Entre acusaciones, el presidente estadounidense también atacó a la ONU por su supuesta incapacidad para resolver los grandes retos globales. Una crítica injusta, pues la falta de acción responde más a los bloqueos entre los Estados que al propio organismo. Su discurso, además, se vio acompañado de comentarios irónicos sobre dos incidentes logísticos a su llegada: una escalera mecánica que se detuvo mientras subía con su esposa Melania y un teleprompter que no funcionaba. Trump no perdió la ocasión de burlarse: “Si la primera dama no hubiera estado en buena forma, se habría caído, pero está en plena forma”, dijo. Y sobre el aparato averiado añadió: “Quien lo opere está en serios problemas”.
La jornada incluyó también una reunión con el presidente argentino, Javier Milei, apenas un día después de que el Departamento del Tesoro anunciara un plan de rescate económico para ese país. Esto no sorprende: Milei, populista de ultraderecha, es un aliado cercano de Trump. En contraste, el trato con otros mandatarios fue muy distinto. Al presidente de Colombia, Gustavo Petro, se le revocó la visa estadounidense por haber participado en una manifestación en Nueva York en la que llamó a soldados norteamericanos a desobedecer órdenes.
Estados Unidos ha sido históricamente un actor central en los trabajos de la ONU. Hoy, bajo el liderazgo de Trump, ese papel parece desdibujado. Su intervención se limitó a exhibir victorias falsas o verdades a medias, criticar el trabajo colectivo, imponer su agenda radical y aplicar su estilo conocido: recompensar a sus aliados y castigar a sus opositores.

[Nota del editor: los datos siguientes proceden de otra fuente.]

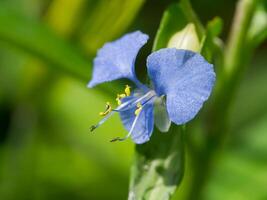 azul flor do escalada dayflower foto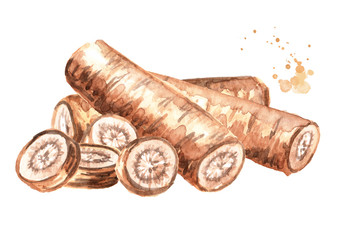 Burdock roots. Hand drawn watercolor illustration, isolated on white background
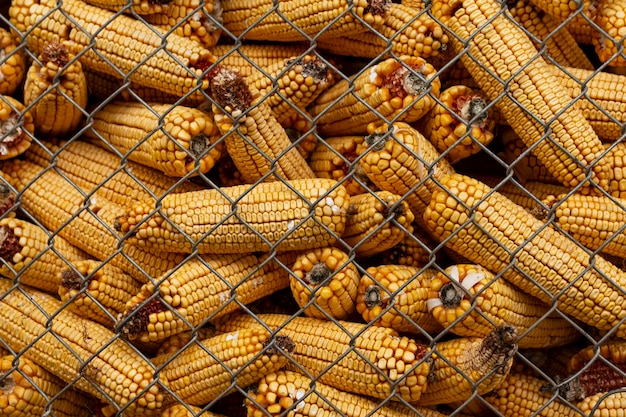 Estilo de vida campestre con mazorcas de maíz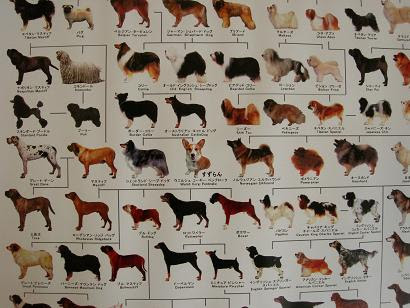 犬 系統図 犬 系統図 Pdf Blogwalljpgochu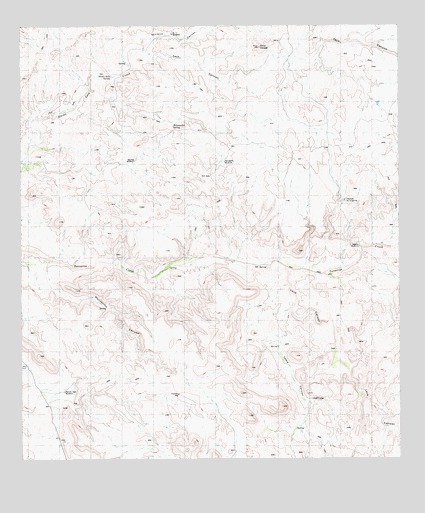 Manzanillo Canyon, TX USGS Topographic Map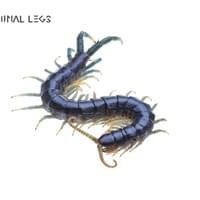 Terminal Legs Terminal Legs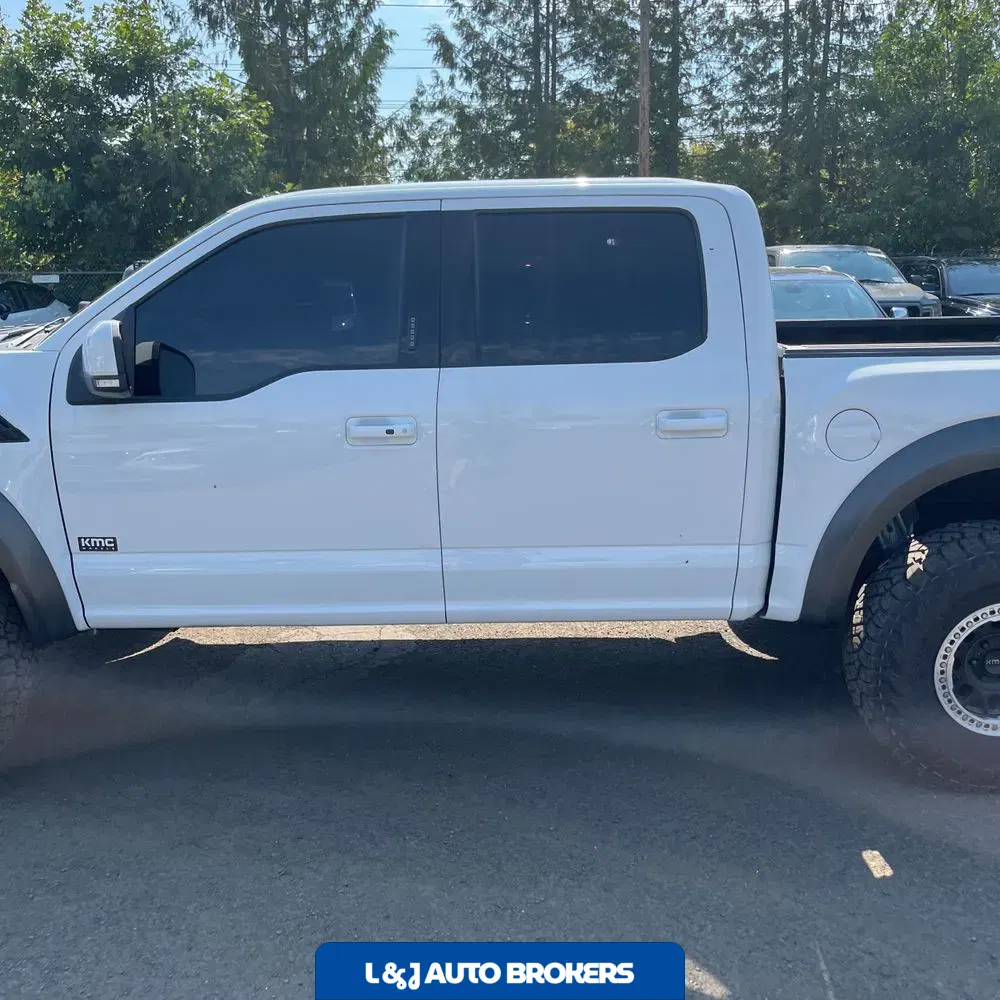2019 Ford F-150 Raptor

La ONU enfrenta un momento crítico. Sus objetivos de paz, seguridad y cooperación están lejos de cumplirse y resulta evidente que necesita transformaciones estructurales profundas. Pero no será la sede en Nueva York ni el edificio quienes marquen la diferencia: serán los líderes de cada país. Son ellos quienes tienen la responsabilidad de devolver a la ONU la fuerza que requiere para cumplir con su misión.
Por ahora, lo que vimos en la Asamblea General es un recordatorio amargo: el liderazgo estadounidense se ha reducido a un show de medias verdades, que deja a la comunidad internacional atrapada entre una escalera mecánica detenida y un teleprompter averiado.